ASSIGNMENT:
Below is a listing from which only part is wanted; return exactly the lines from the one with "i prestravio lepotice" up to and including the one with "最强nissanr35-gtr警车,哪个敢飚车".

SUPPLIED INFORMATION:
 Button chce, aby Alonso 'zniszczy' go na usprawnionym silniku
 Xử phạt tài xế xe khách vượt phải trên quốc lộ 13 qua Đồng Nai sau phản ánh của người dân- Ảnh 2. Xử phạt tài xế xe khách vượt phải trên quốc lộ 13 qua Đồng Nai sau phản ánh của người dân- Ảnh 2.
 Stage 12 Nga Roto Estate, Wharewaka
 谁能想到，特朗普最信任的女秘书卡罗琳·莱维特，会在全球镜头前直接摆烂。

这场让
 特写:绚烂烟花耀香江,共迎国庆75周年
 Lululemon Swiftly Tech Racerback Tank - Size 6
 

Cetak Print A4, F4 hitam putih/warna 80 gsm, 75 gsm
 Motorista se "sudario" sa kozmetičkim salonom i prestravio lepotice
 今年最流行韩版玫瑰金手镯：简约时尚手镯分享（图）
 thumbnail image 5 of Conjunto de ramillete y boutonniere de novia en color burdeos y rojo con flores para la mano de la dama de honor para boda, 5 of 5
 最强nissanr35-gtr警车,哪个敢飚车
...
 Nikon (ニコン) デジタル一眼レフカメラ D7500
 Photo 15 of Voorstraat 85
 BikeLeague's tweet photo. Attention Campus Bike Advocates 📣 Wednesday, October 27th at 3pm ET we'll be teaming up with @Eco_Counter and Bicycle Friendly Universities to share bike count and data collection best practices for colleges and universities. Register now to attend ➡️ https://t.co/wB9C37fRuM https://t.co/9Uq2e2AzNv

TASK RESULT:
 Motorista se "sudario" sa kozmetičkim salonom i prestravio lepotice
 今年最流行韩版玫瑰金手镯：简约时尚手镯分享（图）
 thumbnail image 5 of Conjunto de ramillete y boutonniere de novia en color burdeos y rojo con flores para la mano de la dama de honor para boda, 5 of 5
 最强nissanr35-gtr警车,哪个敢飚车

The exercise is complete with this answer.